We always advise users to apply security updates right way, but in light of Microsoft's track record with its recent Windows patches, we can't blame you if you're a bit apprehensive about updating your Windows machine now.
Yep, yet again, it looks like the latest patch which was supposed to fix various issues has introduced its own set of problems. Read on and see if you're affected and what you can do about it.
Latest Windows update is severely degrading performance
The most recent cumulative update for Windows 10, KB4482887, was supposed to bring improvements, security patches and fixes for a variety of system issues.
Issued out-of-band and separate from its regular Patch Tuesday cycle, one of the most important fixes in this update is the "Retpoline" patch for the Spectre chip flaw mitigations which would've helped boost the performance of affected machines.
However, as expected with most Windows updates lately, it looks like the patch itself introduced a whole new set of issues and broke Windows 10 for many users.
According to multiple user reports, the update is degrading the performance of certain games and is causing severe graphics and mouse issues. Note: Among the games affected are Destiny 2, Apex Legends, Call of Duty: Modern Warfare and Sea of Thieves.
So if you've updated your Windows 10 machine recently and you started noticing that your mouse and your games are acting abnormally, you are not alone.
Microsoft confirmed this problem in its release notes for the update and it stated that it's working on another update to fix the issues. In the meantime, the company is also advising the affected users to uninstall the botched update (KB4482887) to reverse the adverse effects.
Hopefully, the fix will arrive in this month's Patch Tuesday. This day, which usually falls on the second Tuesday of each month, is when Microsoft regularly rolls out its software updates.
How to uninstall the botched update
To uninstall KB4482887 (or any recent Windows 10 update), open your system's Settings >> select Update & Security >> Click on Windows Update.
Here, click on Update History to see a list of all the recent updates that were applied recently. Now, click the "Uninstall updates" link.

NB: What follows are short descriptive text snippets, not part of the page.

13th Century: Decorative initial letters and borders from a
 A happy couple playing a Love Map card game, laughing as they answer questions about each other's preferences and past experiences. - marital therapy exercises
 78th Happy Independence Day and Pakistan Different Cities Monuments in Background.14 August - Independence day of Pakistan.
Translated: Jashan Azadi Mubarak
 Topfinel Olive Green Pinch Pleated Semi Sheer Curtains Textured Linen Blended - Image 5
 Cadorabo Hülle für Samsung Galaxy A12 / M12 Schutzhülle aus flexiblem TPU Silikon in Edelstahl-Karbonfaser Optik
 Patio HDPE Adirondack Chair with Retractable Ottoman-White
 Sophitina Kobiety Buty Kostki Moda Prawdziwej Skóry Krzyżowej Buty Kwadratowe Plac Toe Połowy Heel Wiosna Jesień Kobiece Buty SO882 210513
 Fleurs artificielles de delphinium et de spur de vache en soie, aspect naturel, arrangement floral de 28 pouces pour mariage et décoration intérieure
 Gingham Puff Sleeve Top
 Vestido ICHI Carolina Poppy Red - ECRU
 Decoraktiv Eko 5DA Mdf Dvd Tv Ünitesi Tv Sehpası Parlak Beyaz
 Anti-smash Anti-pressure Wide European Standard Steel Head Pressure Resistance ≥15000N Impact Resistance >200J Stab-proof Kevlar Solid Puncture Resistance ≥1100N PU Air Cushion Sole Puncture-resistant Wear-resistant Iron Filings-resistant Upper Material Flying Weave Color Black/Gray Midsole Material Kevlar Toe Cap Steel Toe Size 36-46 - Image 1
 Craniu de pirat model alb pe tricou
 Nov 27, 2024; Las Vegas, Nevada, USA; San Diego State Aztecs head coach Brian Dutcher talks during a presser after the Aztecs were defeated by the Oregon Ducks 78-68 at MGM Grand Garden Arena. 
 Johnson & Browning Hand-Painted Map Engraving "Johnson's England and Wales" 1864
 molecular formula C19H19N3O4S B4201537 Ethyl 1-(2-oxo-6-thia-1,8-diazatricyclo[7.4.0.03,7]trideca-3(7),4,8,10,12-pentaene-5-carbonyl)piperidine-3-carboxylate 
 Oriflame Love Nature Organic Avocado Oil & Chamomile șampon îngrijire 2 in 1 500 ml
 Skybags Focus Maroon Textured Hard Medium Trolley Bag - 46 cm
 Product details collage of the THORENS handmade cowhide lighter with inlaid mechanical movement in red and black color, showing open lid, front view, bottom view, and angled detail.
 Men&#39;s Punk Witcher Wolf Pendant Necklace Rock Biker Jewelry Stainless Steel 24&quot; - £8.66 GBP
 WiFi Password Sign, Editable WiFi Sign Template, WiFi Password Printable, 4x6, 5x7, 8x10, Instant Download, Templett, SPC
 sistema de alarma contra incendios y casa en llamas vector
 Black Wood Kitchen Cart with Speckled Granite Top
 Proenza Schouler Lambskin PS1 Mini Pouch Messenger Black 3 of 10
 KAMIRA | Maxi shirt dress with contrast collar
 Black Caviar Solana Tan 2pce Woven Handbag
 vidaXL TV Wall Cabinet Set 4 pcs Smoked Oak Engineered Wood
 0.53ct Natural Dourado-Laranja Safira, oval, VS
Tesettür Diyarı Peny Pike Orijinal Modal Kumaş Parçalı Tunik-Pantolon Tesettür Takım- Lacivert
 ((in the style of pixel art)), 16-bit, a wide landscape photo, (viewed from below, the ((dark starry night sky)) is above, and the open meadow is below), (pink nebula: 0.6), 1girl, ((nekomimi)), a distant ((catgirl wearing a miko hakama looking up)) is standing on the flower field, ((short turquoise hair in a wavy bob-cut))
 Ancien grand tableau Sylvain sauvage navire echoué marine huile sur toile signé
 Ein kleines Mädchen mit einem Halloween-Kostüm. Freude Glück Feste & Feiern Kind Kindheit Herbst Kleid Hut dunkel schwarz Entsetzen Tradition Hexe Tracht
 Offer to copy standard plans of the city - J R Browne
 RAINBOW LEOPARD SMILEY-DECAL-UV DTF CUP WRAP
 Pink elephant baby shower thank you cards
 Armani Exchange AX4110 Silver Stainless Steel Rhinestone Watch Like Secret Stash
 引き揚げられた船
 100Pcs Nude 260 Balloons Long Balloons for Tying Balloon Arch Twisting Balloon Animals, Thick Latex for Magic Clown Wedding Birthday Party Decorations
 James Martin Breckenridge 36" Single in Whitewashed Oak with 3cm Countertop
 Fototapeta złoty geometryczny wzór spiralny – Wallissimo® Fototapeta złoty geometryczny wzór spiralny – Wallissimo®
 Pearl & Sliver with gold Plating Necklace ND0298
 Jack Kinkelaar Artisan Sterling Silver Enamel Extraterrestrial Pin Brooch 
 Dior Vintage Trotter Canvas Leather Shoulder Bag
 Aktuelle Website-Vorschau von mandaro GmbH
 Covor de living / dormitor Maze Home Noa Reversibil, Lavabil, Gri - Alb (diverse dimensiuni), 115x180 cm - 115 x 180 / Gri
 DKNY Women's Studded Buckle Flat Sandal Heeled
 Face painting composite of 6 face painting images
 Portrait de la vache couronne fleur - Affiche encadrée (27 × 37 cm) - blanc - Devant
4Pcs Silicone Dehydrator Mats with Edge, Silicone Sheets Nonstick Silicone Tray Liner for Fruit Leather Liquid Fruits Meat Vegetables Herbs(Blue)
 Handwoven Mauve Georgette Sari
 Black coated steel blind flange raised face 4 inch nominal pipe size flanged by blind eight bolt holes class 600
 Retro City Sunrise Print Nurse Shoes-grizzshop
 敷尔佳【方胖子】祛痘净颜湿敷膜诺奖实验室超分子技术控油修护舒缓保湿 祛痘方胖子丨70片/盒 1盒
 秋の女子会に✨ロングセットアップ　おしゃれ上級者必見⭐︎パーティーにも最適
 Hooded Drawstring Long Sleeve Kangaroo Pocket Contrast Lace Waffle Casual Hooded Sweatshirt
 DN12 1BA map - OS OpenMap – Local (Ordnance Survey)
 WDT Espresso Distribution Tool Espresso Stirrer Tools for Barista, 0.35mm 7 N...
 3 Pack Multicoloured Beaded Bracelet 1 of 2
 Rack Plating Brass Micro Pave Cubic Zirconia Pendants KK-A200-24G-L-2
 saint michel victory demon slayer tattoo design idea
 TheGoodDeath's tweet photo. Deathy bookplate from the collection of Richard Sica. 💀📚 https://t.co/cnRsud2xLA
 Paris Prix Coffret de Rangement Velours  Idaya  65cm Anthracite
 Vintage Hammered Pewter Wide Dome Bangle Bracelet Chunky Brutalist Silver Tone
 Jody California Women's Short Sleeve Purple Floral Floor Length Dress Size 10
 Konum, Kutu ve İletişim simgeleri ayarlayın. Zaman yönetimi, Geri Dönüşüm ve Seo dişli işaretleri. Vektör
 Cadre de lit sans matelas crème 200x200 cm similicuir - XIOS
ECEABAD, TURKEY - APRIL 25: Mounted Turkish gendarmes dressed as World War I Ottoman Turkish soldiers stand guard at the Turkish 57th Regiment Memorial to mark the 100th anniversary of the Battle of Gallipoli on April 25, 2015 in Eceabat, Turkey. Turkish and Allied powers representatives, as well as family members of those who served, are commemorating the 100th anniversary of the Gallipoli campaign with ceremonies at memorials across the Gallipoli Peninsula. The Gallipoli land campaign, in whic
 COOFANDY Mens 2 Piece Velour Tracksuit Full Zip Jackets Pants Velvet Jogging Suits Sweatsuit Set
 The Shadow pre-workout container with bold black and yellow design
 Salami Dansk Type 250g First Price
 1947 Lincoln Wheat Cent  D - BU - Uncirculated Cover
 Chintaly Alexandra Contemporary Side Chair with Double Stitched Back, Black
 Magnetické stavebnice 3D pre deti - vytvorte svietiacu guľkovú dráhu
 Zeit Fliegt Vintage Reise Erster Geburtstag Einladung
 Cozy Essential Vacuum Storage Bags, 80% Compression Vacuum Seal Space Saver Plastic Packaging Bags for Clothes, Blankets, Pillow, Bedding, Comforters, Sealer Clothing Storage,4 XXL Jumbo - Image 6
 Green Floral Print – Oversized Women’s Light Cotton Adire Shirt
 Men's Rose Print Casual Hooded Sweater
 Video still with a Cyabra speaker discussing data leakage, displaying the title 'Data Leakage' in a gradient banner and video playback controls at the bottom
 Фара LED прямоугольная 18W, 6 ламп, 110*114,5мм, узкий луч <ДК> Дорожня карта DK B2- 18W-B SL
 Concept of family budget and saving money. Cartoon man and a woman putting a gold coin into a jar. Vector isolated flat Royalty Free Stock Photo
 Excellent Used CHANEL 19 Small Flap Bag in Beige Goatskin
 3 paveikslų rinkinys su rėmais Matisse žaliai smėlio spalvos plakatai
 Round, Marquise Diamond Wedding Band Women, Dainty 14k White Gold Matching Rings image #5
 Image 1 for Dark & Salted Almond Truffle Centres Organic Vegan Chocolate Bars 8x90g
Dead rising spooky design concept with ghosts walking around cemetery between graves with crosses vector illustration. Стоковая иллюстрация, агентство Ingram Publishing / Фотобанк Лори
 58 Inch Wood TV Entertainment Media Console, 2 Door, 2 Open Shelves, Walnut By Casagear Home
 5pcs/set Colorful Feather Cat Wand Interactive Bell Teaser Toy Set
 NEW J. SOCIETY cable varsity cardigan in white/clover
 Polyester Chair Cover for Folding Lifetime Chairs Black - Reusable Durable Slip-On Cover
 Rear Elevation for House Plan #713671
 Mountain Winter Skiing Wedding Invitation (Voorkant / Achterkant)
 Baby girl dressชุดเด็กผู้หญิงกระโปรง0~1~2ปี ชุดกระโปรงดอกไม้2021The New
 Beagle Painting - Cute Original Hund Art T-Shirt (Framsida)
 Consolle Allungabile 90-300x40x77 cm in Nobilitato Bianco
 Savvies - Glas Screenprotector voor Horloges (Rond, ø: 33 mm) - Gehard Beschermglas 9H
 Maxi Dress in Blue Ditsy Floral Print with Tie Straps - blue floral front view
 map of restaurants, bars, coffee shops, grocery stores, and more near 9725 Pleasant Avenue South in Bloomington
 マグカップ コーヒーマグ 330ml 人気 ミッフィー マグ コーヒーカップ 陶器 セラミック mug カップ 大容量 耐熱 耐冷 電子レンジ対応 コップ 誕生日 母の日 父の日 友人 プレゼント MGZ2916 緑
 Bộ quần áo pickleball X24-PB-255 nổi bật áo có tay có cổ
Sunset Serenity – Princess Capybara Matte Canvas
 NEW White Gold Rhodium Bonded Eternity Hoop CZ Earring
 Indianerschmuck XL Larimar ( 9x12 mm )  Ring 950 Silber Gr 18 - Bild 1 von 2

The familiar "Uninstall an update" page on the Control Panel will now open. To uninstall this particular update, look for KB4482887 then click its Uninstall button. Click "Yes" to confirm then restart your system.
How to delay Windows Updates
With all the issues that surround each release, do you want to adopt a wait-and-see attitude with Windows updates? Here are various ways you stop or slow down automatic Windows updates.
Windows 7 or 8.1
It's quite simple to stop Automatic Updates on Windows 7 or 8.1. Just go to Start >> Control Panel >> System and Security then click "Turn automatic updating on or off" under the Windows Update section. Just set this setting to "Never check for updates (not recommended)" then click OK.
Windows 10 Pro or Enterprise
If you have Windows 10 Pro or Enterprise, you can defer or postpone for a few months.
To adjust this schedule, click the "Update & security icon" under Settings and go to the "Windows Update" tab. You'll see what updates are available.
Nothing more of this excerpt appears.